The main objective of the Public Service Pension Plan is to supply a retirement income to eligible residents during their lifetime. In addition to retirement payout, the PSPP also supplies financial support in the wake of death, disability, or termination of employment.

Some Canadians might assume that your pension benefits are determined by the status of markets, but that would be incorrect. Pension payouts are calculated based on your salary, years of pensionable service, age, and the reason behind your termination of employment. Whilst the financial status of your plan can affect contribution amounts, it does not affect your overall pension payout.

Employees and their employers make donations to the PSPP through payroll deductions on your paystub. The contributions donated to the pension plan are calculated based on a percentage of your pensionable salary within the annual Yearly Maximum Pensionable Earnings (YMPE) ranges. 

The PSPP’s Definition of an Employee

An employee is an individual who is hired on a full-time basis, with a member employer for a time range of 4 months. Individuals who are working on a seasonal basis and are working full-time hours are employees despite the duration of their employment period.

For school board workers, the minimum criteria for eligibility is 25 hours weekly. The very definition of employee does not consist of students, or a casual, part-time or contractual worker whose employment contract explicitly prevents him or her from engaging in the pension plan.

Who is Eligible for PSPP?

The workers who meet the following eligibility are obligated to participate in the PSPP; any part-time regular employees working 30 or more hours per week. As well as, workers labeled as “auxiliary salaried.”

The rules of their employment contract outline that the employment is to continue for a period greater than one year and the scheduled hours are not to be less than 30 hours weekly. 

In the cases of voluntary participation of the PSPP, workers have the choice to choose to participate if they meet any of the eligibility criteria as of January 1, 2018.

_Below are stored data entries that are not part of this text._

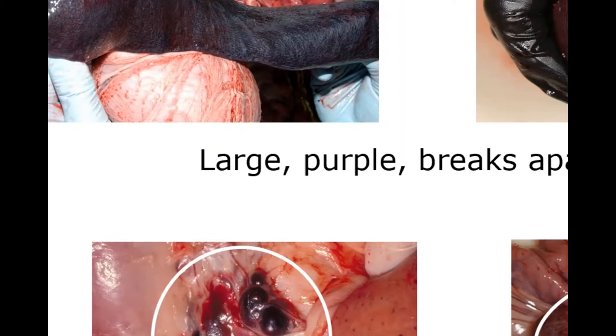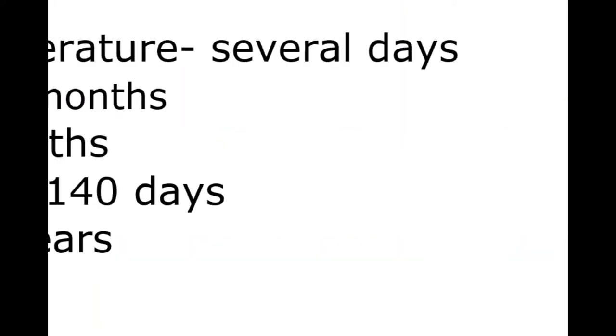ASF virus is highly resistant in the environment, especially at lower temperatures. It can survive in fecal matter at room temperature for several days, in contaminated pens for months, in blood up to 18 months, in pork products like hams for 140 days, and in frozen carcasses for years. In eastern Europe, researchers have found live virus in the bone marrow of wild pigs that died and froze, confirming the virus can persist in frozen carcasses for extended periods.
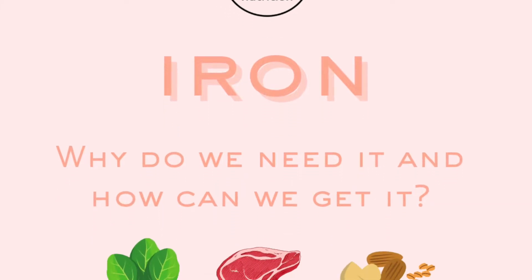Iron has many roles in the body. It's important for making hemoglobin, a protein in red blood cells that transports oxygen around the body. And iron also plays a key role in maintaining a healthy immune system, so our body's natural defense system.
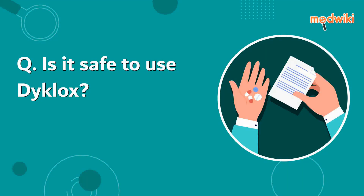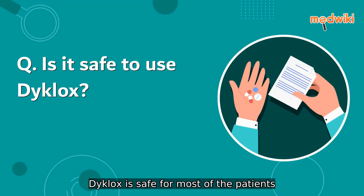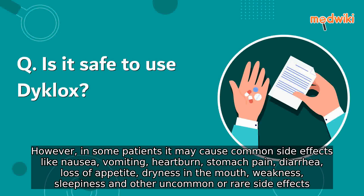Is it safe to use Diclox? Diclox is safe for most patients. However, in some patients it may cause common side effects like nausea, vomiting, heartburn, stomach pain, diarrhea, loss of appetite, dryness in the mouth, and weakness.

A part-time regular employee who works at an establishment where the hours worked are a minimum of 14, but less than 30, is given a one-time irrevocable choice to participate in the pension plan.

In the case, if they happen to decline to participate, they will be declined entry at another later date unless the employee subscribes to the mandatory membership pension plan.

The same terms can be applied to a part-time auxiliary salaried worker whose employment contract is set to last for a period greater than one year. Their routinely scheduled hours are a minimum of 14, but less than 30, in which they are also permitted to enjoy a one-time irrevocable opportunity to join the PSPP upon onboarding.

If they decline to participate in the pension plan, they will not be eligible to join the plan at a later date unless they move to a mandatory membership position.

When an employee shift from a mandatory participation role to a part-time role, the worker can inform their supervisor, in writing, of their intention to revoke participating in the pension plan.

This decision will be irrevocable until termination of employment occurs or the worker is promoted to a mandatory membership position. Additionally, if a participating worker changes to an “auxiliary salaried” position without an interruption in their service, pension deductions will resume.

What if a plan member employee changes to part-time?

A member, whose employment status changes to part-time, is no longer eligible to participate in the PSPP. According to the law, Section 40 (5) of the Pension Benefits Act, the contributions provided are not subject to refunds.

A part-time employee is legally required to contribute to the Government Money Purchase Pension Plan (GMPP), considering the participation of GMPP donations by the employer. Employees can choose to transfer credits between the GMPP and the PSPP.

Is there interest on the pension plan contributions?

Short answer – yes. During the time frame of 1991 to 1999, interest on employee contributions has been applied by the rate of the banks for one year guaranteed contributions.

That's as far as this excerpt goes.